Here are 10 things *I* didn’t know about President Andrew Jackson and his famous home, The Hermitage, until my visit there yesterday.

1) Jackson was verrrry skinny.  The man was 6’1″ and 140 pounds when elected president.  (John Quincy Adams, just before him, was 5’7″ and stout; Martin Van Buren followed him at 5’6″ and also full-figured.)

2) Nobody knows why Andrew Jackson called it The Hermitage.  The future president first called his new farm “Rural Retreat,” then switched to The Hermitage. His first cabin there was small and remote; possibly he was being wry? The Hermitage is about 12 miles east of Nashville — a half-day’s ride back in Jackson’s time.

3) Only the front of the Hermitage is actually that famous yellow color.  The rest is brick.  (See back view, below.) According to the guides, Jackson didn’t want to pay to do up the whole house, so he only did the part most people would see as they rode up.

4) His son, Andrew Jackson, Jr., was donated by Jackson’s brother-in-law.  The boy was one of twins born to Rachel Jackson‘s brother Severn Donelson and his wife Elizabeth in 1808.  Severn and his wife gave one of the boys to the Jacksons to adopt and raise as their heir.  “It wasn’t uncommon in those days,” the tour guide claimed, for another couple to give a child in this manner to a childless couple.

5) Andrew Jackson, Jr. was not a great money manager.  “Andrew Junior believed that money was for spending and enjoying, not for earning,” as the tour guide put it.  After President Jackson died, Junior blew through everything his dad left him, sold The Hermitage for $50,000 — a mammoth amount in those days — and then blew through that, too. Gambling and high living, those were the problems. Eventually he and his family returned and lived at The Hermitage through the grace of the state of Tennessee.  Reckless to the end, Andrew Jr. died at The Hermitage in 1865 after shooting himself in a hunting accident.

6) Andrew Jackson VI is alive and well and is a judge in Knoxville. He has a wife, two daughters and a dog, but there is no Andrew Jackson VII.

7) The Hermitage is not a national park.
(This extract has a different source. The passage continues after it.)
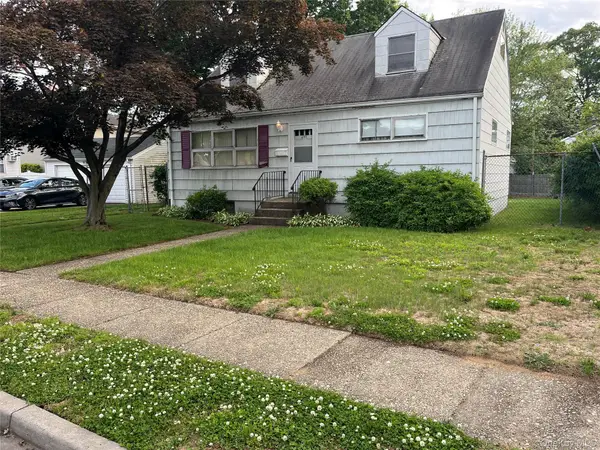 497 Maryann Lane, West Hempstead, NY 11552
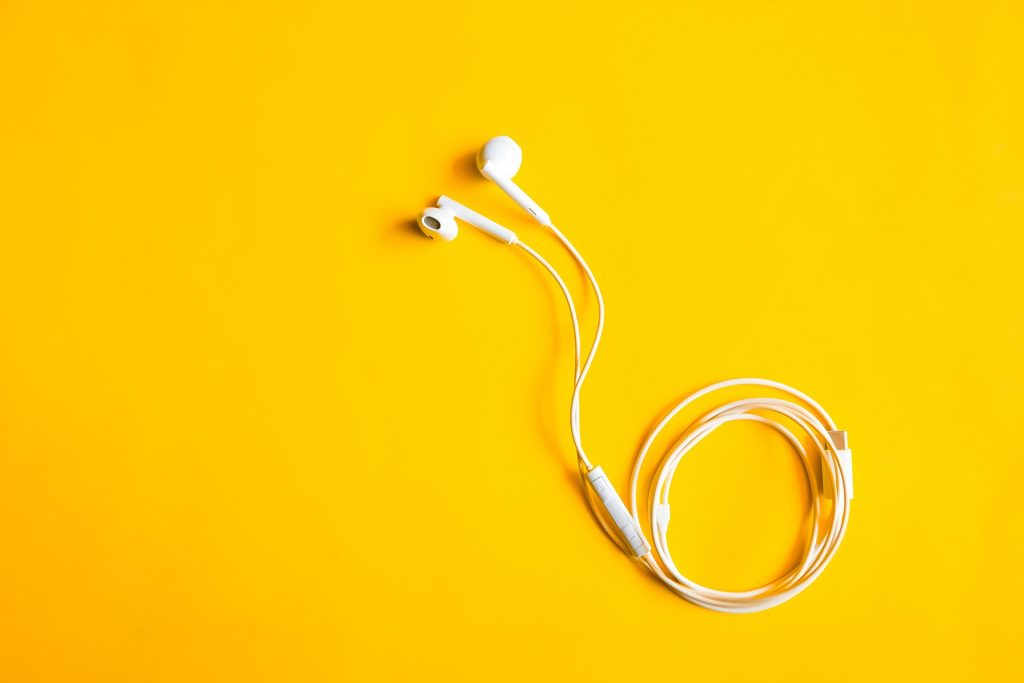 iqbalstock earbuds 7520738 1920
It’s run by the Ladies’ Hermitage Association, a non-profit group founded in the 1880s to save the house, which had fallen on hard times and was about to be turned into a home for old Confederate soldiers. If that sounds a lot like the ladies’ association that rescued Mount Vernon in the 1850s, that’s because the LHA was modeled after the Mount Vernon group.

(Kudos to the Hermitage ladies, by the way, for keeping things balanced editorially. There’s plenty pro and con about Jackson on the site, including frank notes on his slavekeeping.  Not that the ladies spit on Old Hickory by any means, but it could have been much more of a hagiography. The Alamo, for instance, is run by the Daughters of the Republic of Texas in the manner of a religious shrine.)

8) Jackson was a newshound. He subscribed to “15 different newspapers from all over the world,” according to our guide.  Jackson saved the papers in handsome bindings, and most are still on site at The Hermitage.  His study, by the way, is awesome. Alas, no photos were allowed inside the home.

9) One of Jackson’s slaves, Uncle Alfred, is buried next to him.  Jackson was a slaveholder until his death in 1845. Most of his remaining slaves rather sensibly fled to freedom in Nashville as soon as it was taken by Union forces in 1862. One who stayed was Alfred Jackson, who was born at The Hermitage about 1812 and remained there the rest of his life. After his death in 1901 he was buried, at his own request, a few steps from Jackson’s tomb. His gravestone reads “Uncle Alfred.” Plaques at the site claim that “Uncle,” now considered derogatory (in the vein of Uncle Tom), was at the time considered a term of politeness.

10) There’s no dirt over Andrew Jackson’s grave.  Caretakers renovated the tomb (above) in 1977, and the first thing they did was pop off the limestone grave covers. Under Rachel’s cover they found the expected: dirt. But when they opened Jackson’s grave, they found an empty four-foot shaft, with another slab at the bottom reading “Andrew Jackson.” Nobody knows why; some claim that Jackson left instructions that no dirt should rest atop him.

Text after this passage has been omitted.